Data scientists are often very cloistered in the world of software development. We are noble purists that value elegant math and efficient logic. As a data scientist turned project manager, I have some pieces of wisdom for managing developers working in unfamiliar domains. A few examples of situations this can apply to:
- You need an API-backed iOS app and you have no experience with web development or Objective-C.
- Your client needs your complex algorithm deployed as a user-friendly single page web app, but you have no CGI, PHP, or Django experience.
- Your organization needs a machine-learning procedure deployed in SAS for federal compliance purposes, but you are a religious R user.
In each of these scenarios, it is necessary to hire experts in the right fields to deliver your product with any semblance of haste. Some pointers to follow!
User Interface Matters
Data scientists like myself are often tempted to make bare-bones (but fully functional) software that looks unattractive and is not at all intuitive to use. I once made the mistake of assuming that users of a web app would understand how to enter a “tab-delimited table” in a large white HTML form field. We need to remember that “tab-delimited” is not in the average man’s vocabulary, and it is impractical to ask a user to type a .fwf (fixed-width file) by hand into a form field. We later fixed this by adding an “Upload Excel Spreadsheet” button with parsing routines to find and auto-extract tables.
Additionally, obviously old UI’s look and feel cheap. Almost every business owner I have met is willing to spend the extra money for an attractive UI. It felt unnatural to me the first time I hired an Adobe Photoshop professional to draft a modern UI for an iPad app, but it turned out being the best expense I made on that specific project. An update does not feel like an update if users see the same ugly interface.
Budget for Support
When hiring developers in unfamiliar languages, you as the project leader sacrifice some control over the quality and sustainability of a codebase. When striking agreements to develop and hand off software to the client, budget your time and money for incidental support. When striking work agreements with developers for the project, include provisions for future support. You should enter agreements with the knowledge that there is a very high likelihood of untimely failure that you will be expected to support on a moment’s notice. If you are developing in an unfamiliar language, your developers for the project also need to be available at short notice, because they are both domain experts and most familiar with the codebase.

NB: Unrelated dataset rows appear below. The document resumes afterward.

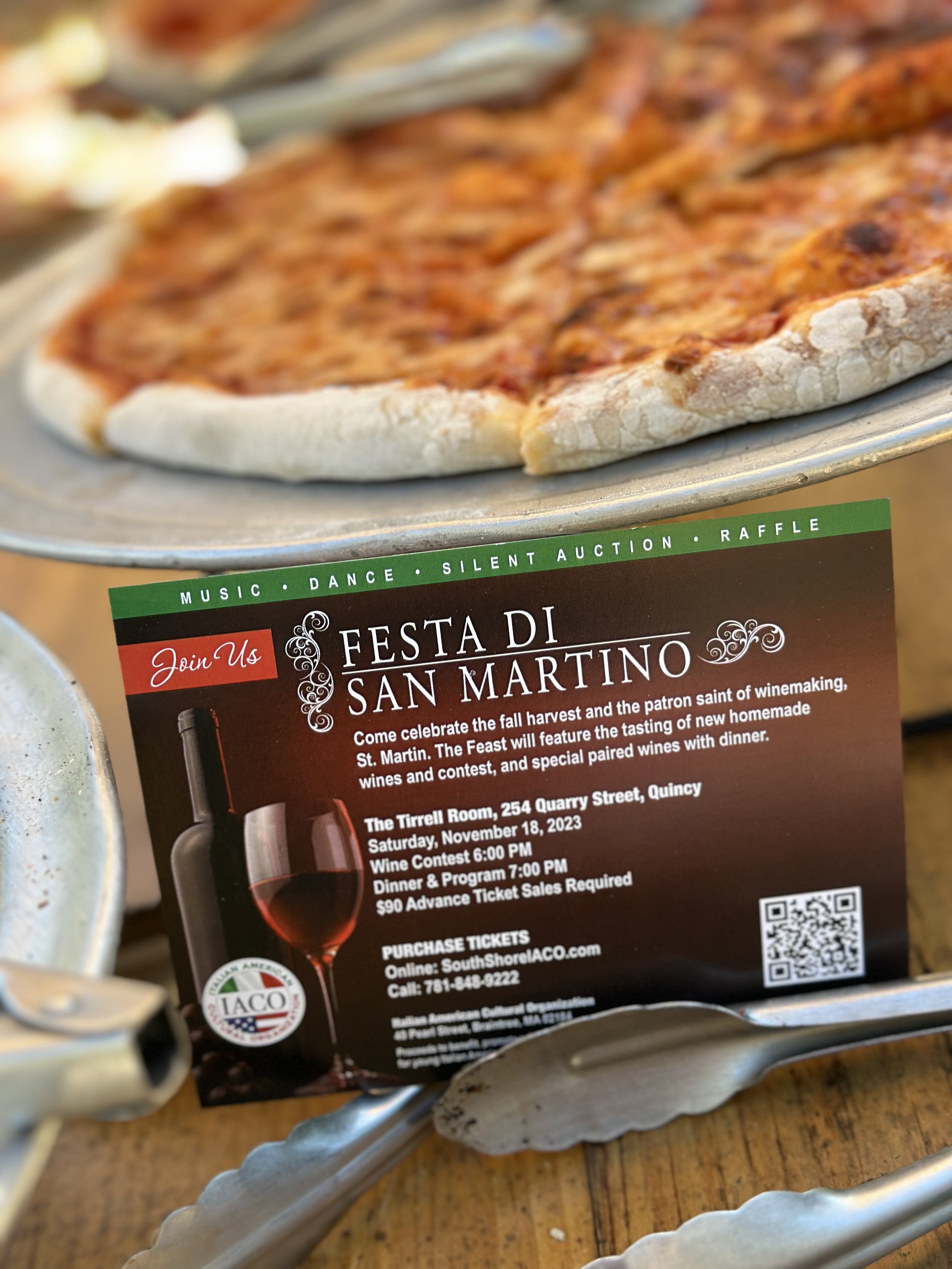 Close-up of a pepperoni pizza on a metal tray with a promotional card for Festa di San Martino, featuring event details and a bottle of wine and glass.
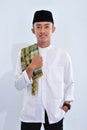 Asian religious muslim man of indonesia smile at you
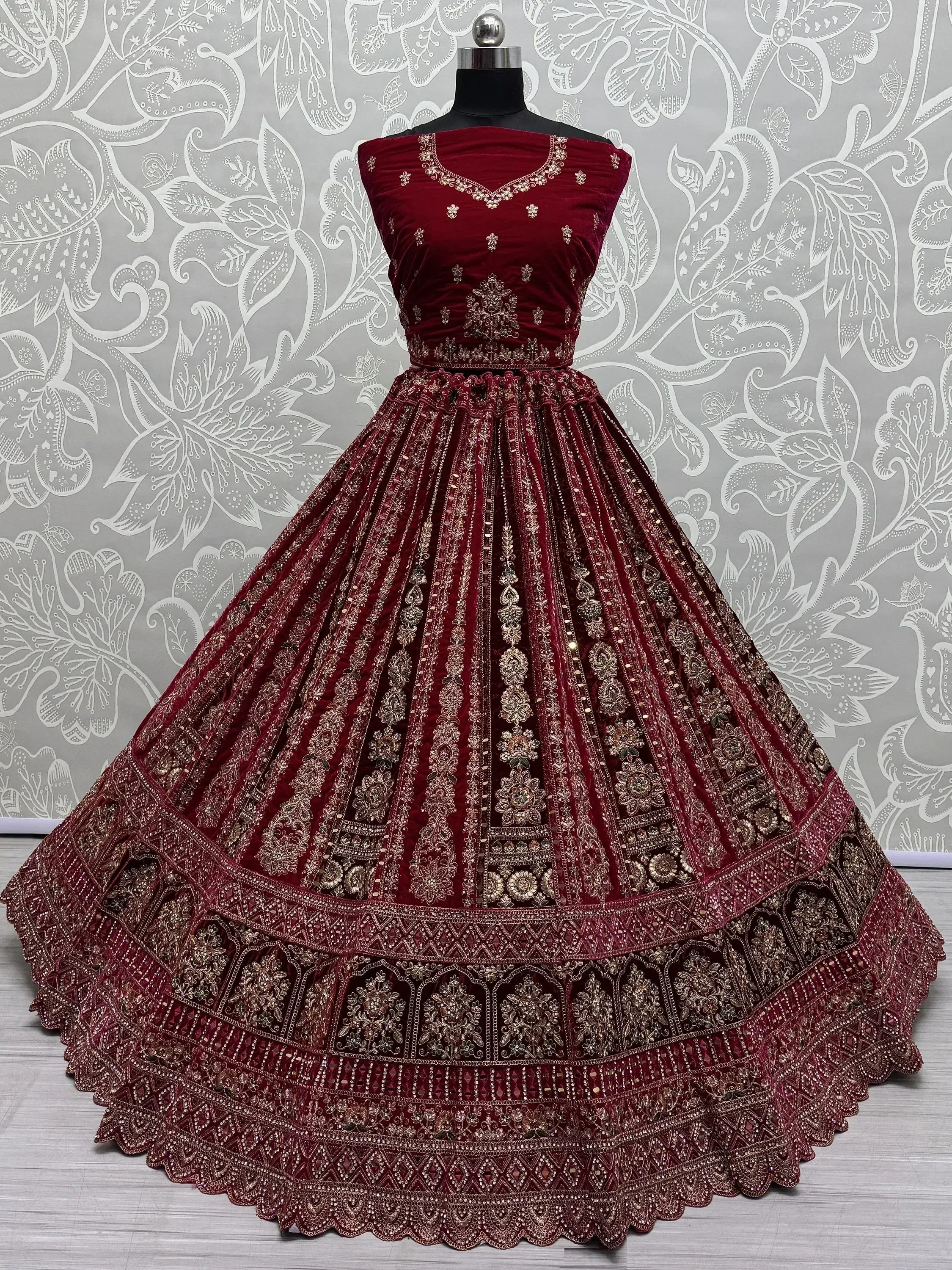 Maroon velvet lehenga choli with gold embroidery, perfect for Indian weddings and festive occasions.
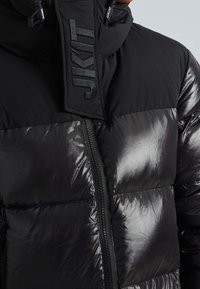 Svart puffjacka med glansig yta, vadderade sektioner, hög krage och logotypdetalj på dragkedjans flik.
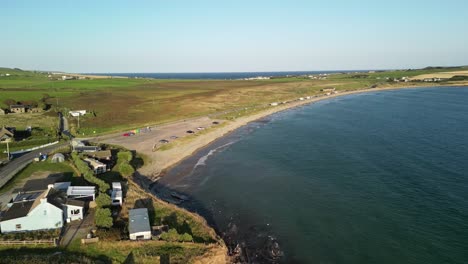 coastal road with houses and sandy beach from above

Preparing for failure is a less critical procedure when data scientists are working with other data scientists. More likely than not, any R programmer can debug any R program, any Python programmer can debug any Python program, and so on. In these situations, as long as you or one other team member is available to investigate the problem, it will be fixed in a timely manner.
Have Sharp Administrative Skills
As a project manager, you want to maximize ease of development and proprietary control over the project. In other words, you want to enable developers to work while still maintaining total and real-time control over the assets being created. This requires an array of administrative skills including:
- Cloud administration
- Aim for familiarity with at least two cloud providers and at least one cloud CLI
- Avoid deploying on shared instances owned or leased by developers, lease your own hadrware at all costs
- Learn to manage networks and firewalls for different types of applications
- Linux administration
- User and permissions management are very important for securing servers with multiple developers and/or web-facing servers
- Package and dependency management are essential skills. Know which Linux distributions meet your needs.
- Git/Github administration
- know how to operate, analyze, and organize, even if you won’t be making commits
- Assess need for and be able to deploy private Git servers
- Database administration
- As with the cloud, avoid using database instances owned or leased by anyone other than yourself
- Understand the differences between database backups and file-system backups, make use of frequent database backups
- Authorize users and set permissions with similar discretion as with Linux file-systems
There are a number of things data scientists can do to improve their project management skills. It is worth noting, these are broad and introductory pointers to the world of DevOps. A thorough treatment of DevOps as a practice can seem overwhelming and foreign, especially for those programmers that have not worked in enterprise settings. I encourage anyone interested to investigate DevOps and the more advanced tools used to maintain and deploy software on an large scale. For a practical treatment of such tools, I recommend The DevOps 2.0 Toolkit by Victor Farcic.